Kedua bentuk upacara kelahiran tersebut pastilah memiliki maksud atau makna-makna secara simbolik. Walaupun demikian, upacara selapananlah yang sarat akan makna spirituiil yang dapat dikatakan berbau ‘mistis’ dibandingkan dengan aqiqah. Selapanan mengandung banyak makna simbolik yang tersirat pada tiap bagian di dalamnya. Diantaranya ialah penguburan rambut, potongan kuku dan ari-ari untuk tolak bala; tumbak sewu (pada tumpeng) sebagai tolak bala ketika bayi; telur mentah melambangkan kekuatan; kelapa melambangkan ketahanan fisik; ingkung melambangkan embrio; sega gudangan melambangkan kesegaran jasmani rohani. Sedangkan aqiqah tidak ada makna yang tersembunyi selain penyembelihan kambing sebagai bentuk bersyukur secara simbolik.
Dalam pelaksanaannya yang bersamaan, adapun beberapa hal yang mendasari, antara lain; untuk menjalankan syara’ Islam, untuk menguri-uri budaya Jawa (warisan leluhur), menghemat waktu dan biaya pelaksanaan.

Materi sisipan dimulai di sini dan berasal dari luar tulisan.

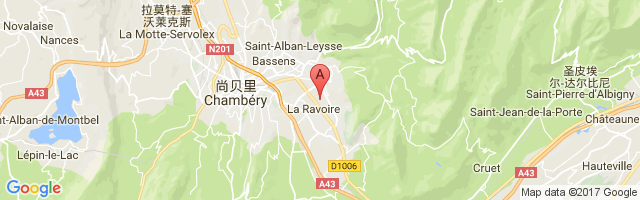 Chambéry-Challes-les-Eaux Airport图片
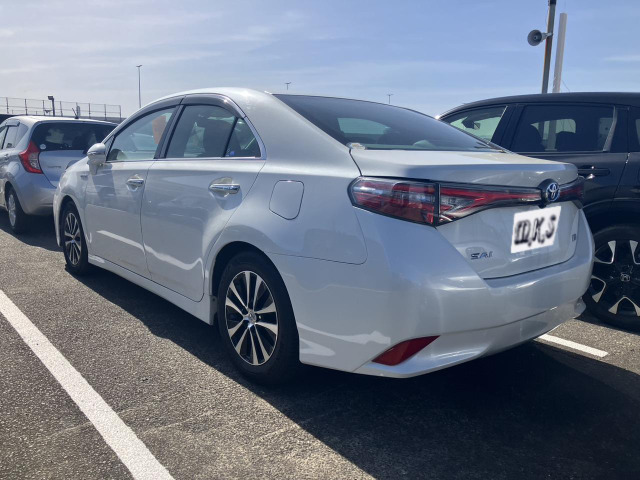 SAI2.4 S Cパッケージ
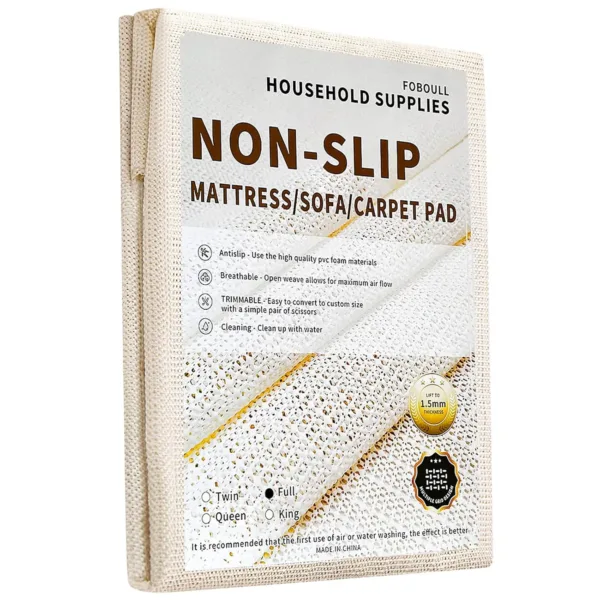 mattress gripper pad 1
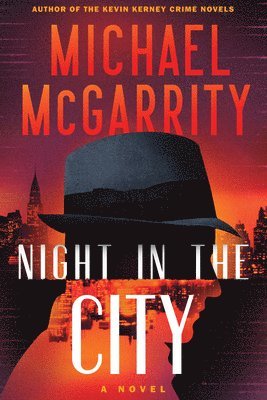 Michael McGarrity - Night in the City, Häftad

Adapun pelaksanaan kedua upacara merupakan salah satu bentuk vertical connectivity antara makhluk dengan Tuhan, hubungan spirituiil, dengan tujuan agar senantiasa ingat kepada Sang Widi. Salah satu faedah atau manfaat diadakannya sebuah upacara pemeringatan kelahiran, salah satunya adalah dapat mengingatkan kita untuk selalu bersyukur atas segala pemberian Tuhan.


Daftar Pustaka

Al-Islam. 2009. Tuntunan Aqiqah. Diunduh melalui http: //treest.wordpress.com /2009/03/18/tuntunan-aqiqah/. (16/04/11)
Mahadewa, Soemodidjojo. 2001. Betaljemur Adammakna. Jogjakarta: CT Buana Raya.